#### Work instructions:
Write out the data that follows exactly, keeping every picture out.

#### Data to examine:
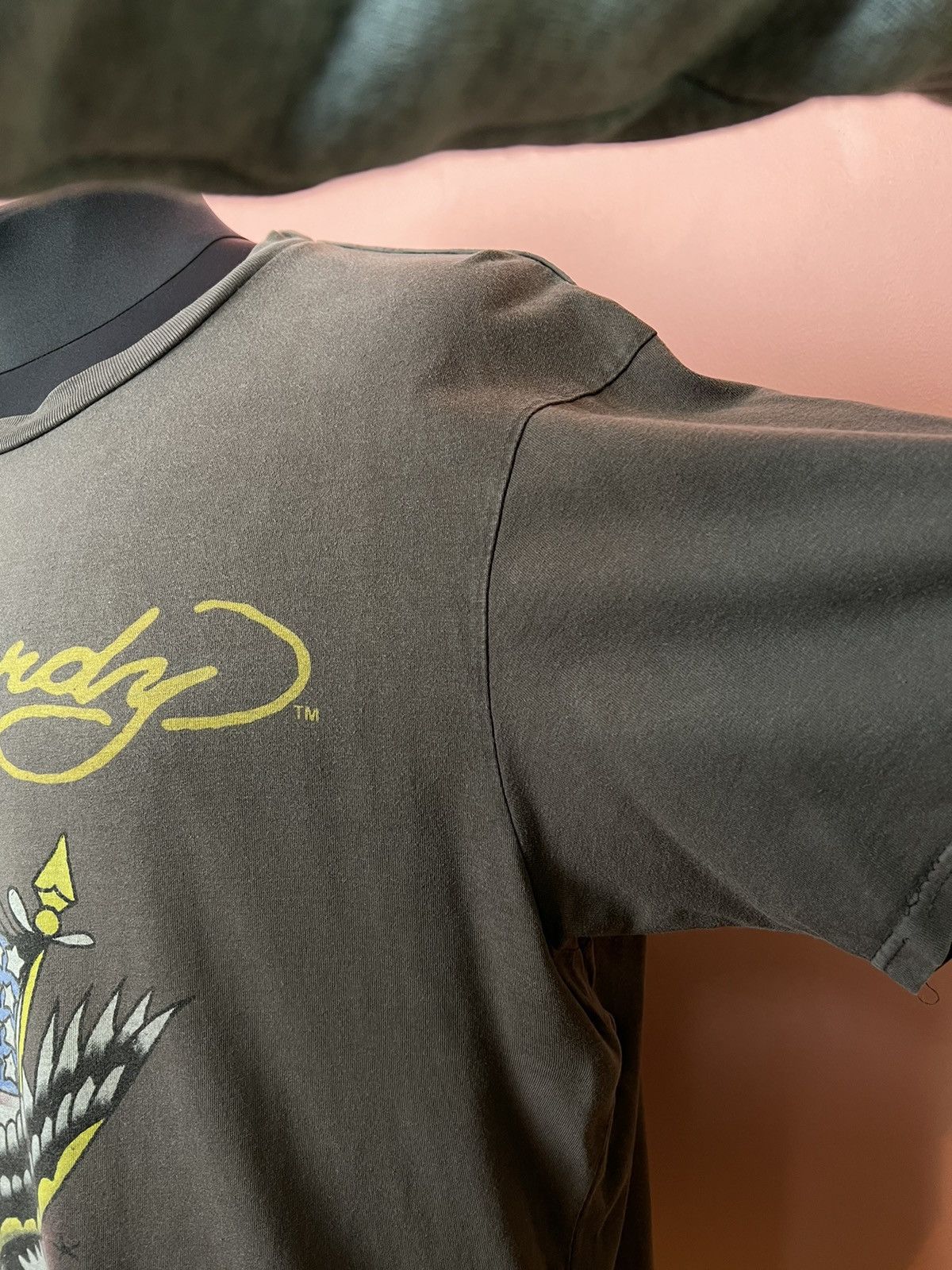 Ed Hardy Ed hardy tee shirt casual tattoo shirt hype sale Size US XL / EU 56 / 4 - 6 Thumbnail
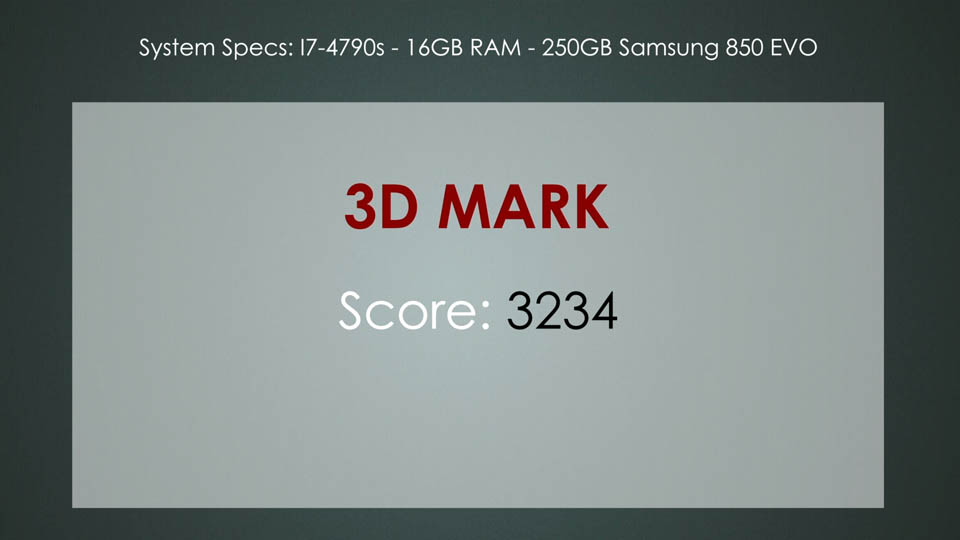quadro k1200 3d mark
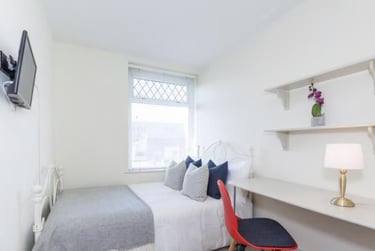 1 bed house, Daniel Street, Cathays, Cardiff, CF244NY - Image 13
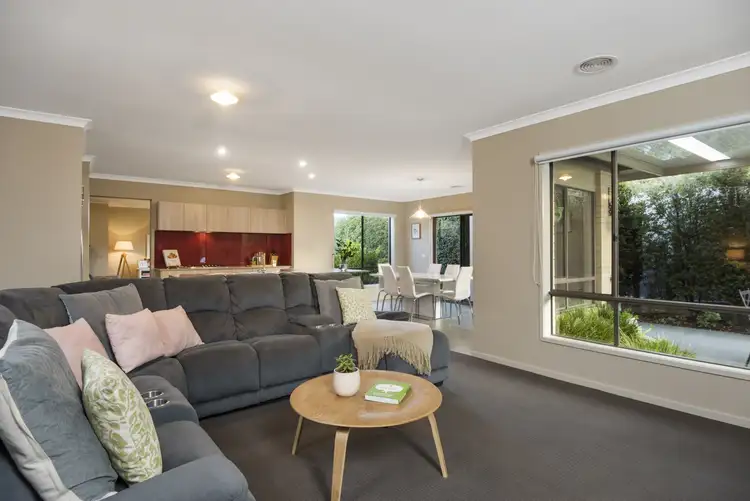 Fifth view of Homely house listing, 1 Bluegum Circuit, Riddells Creek VIC 3431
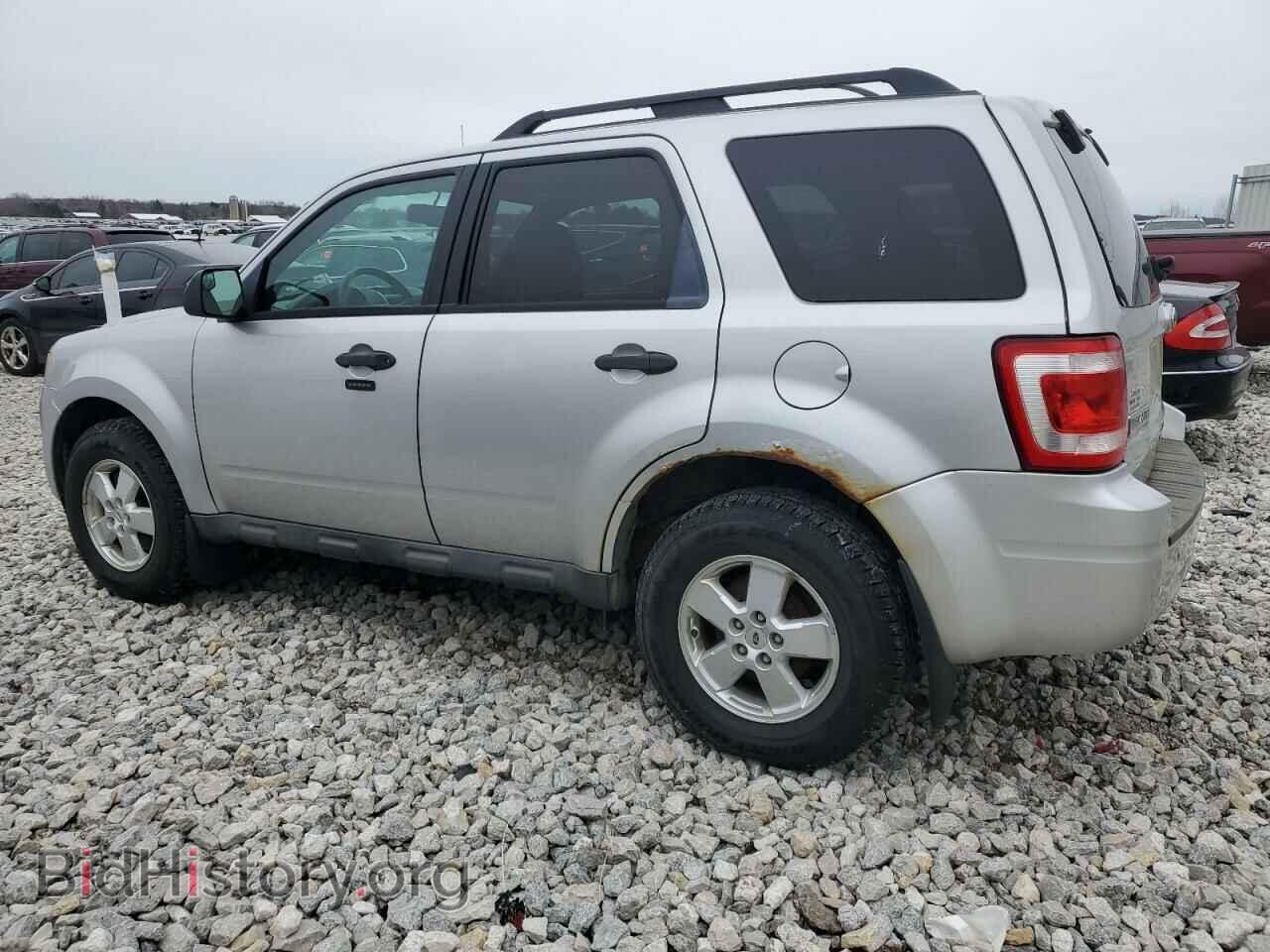 2010 FORD ESCAPE - VIN: 1FMCU9DG1AKB73508 - Фото 2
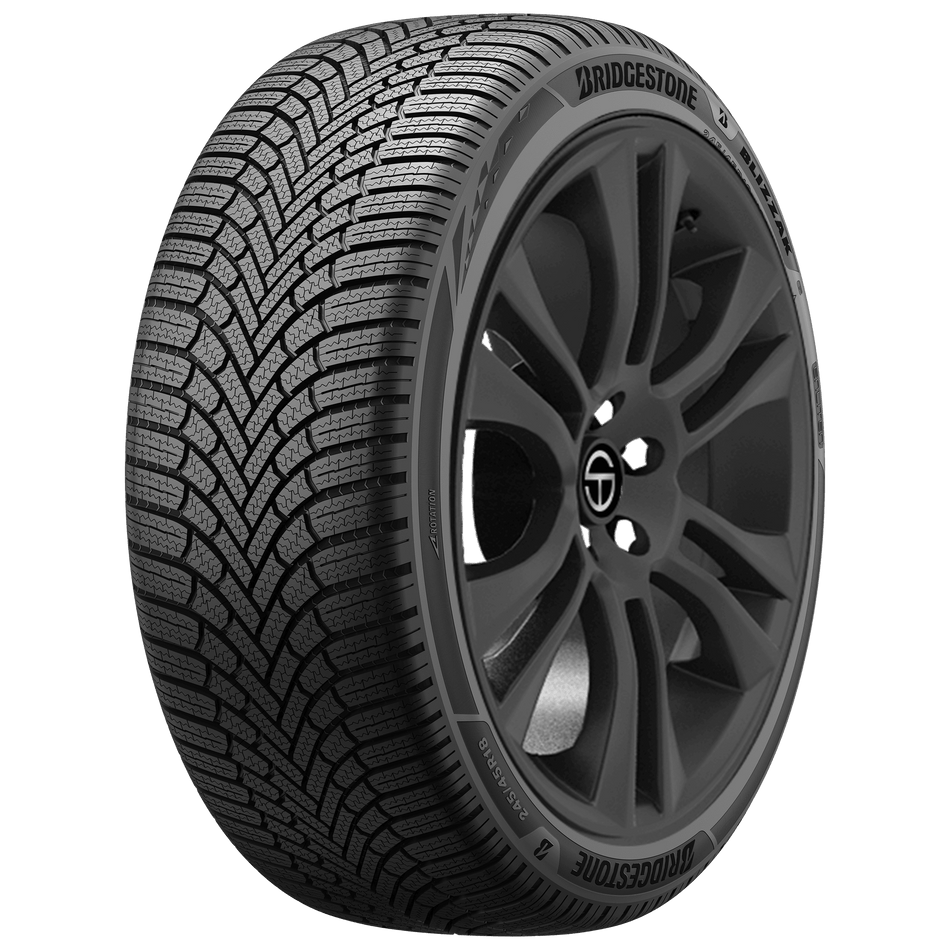 Bridgestone XL Blizzak 6 – 255/40R18 99V 2 — bande de roulement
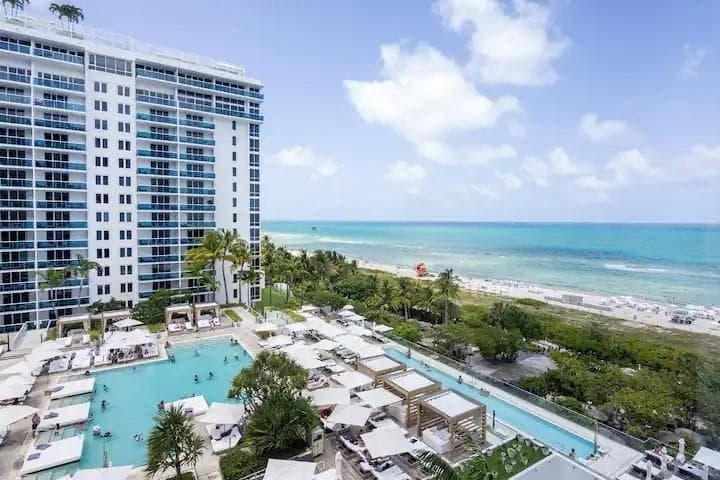 Condo at 2301 Collins Avenue, Miami Beach, FL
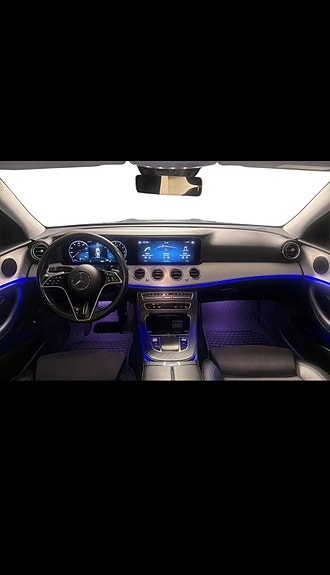 Mercedes-Benz E 220 d 14 of 18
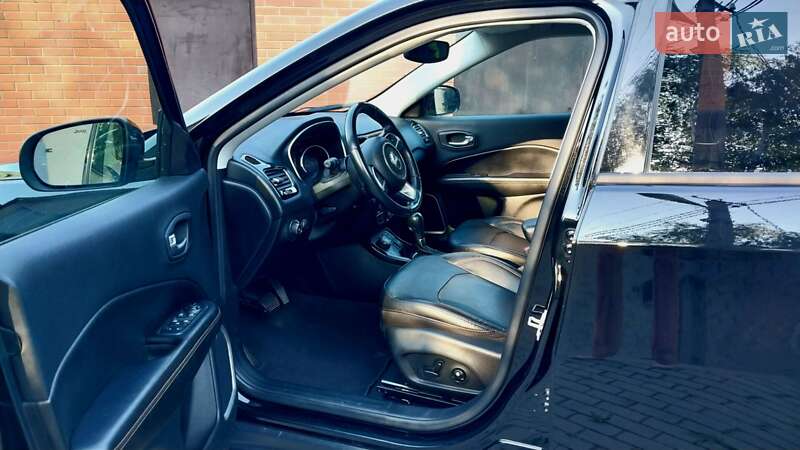 Внедорожник / Кроссовер Jeep Compass 2020 в Харькове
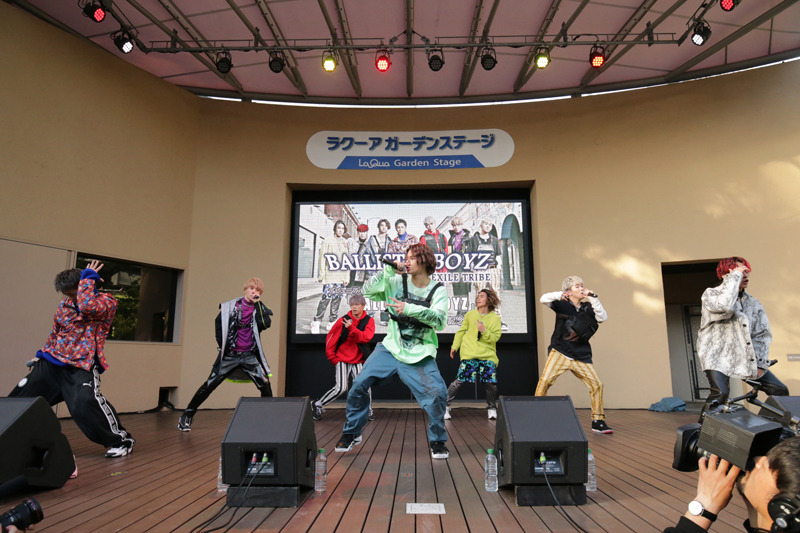 BALLISTIK BOYZ from EXILE TRIBE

#### Task result:
 Ed Hardy Ed hardy tee shirt casual tattoo shirt hype sale Size US XL / EU 56 / 4 - 6 Thumbnail
quadro k1200 3d mark
 1 bed house, Daniel Street, Cathays, Cardiff, CF244NY - Image 13
 Fifth view of Homely house listing, 1 Bluegum Circuit, Riddells Creek VIC 3431
 2010 FORD ESCAPE - VIN: 1FMCU9DG1AKB73508 - Фото 2
 Bridgestone XL Blizzak 6 – 255/40R18 99V 2 — bande de roulement
 Condo at 2301 Collins Avenue, Miami Beach, FL
 Mercedes-Benz E 220 d 14 of 18
 Внедорожник / Кроссовер Jeep Compass 2020 в Харькове
 BALLISTIK BOYZ from EXILE TRIBE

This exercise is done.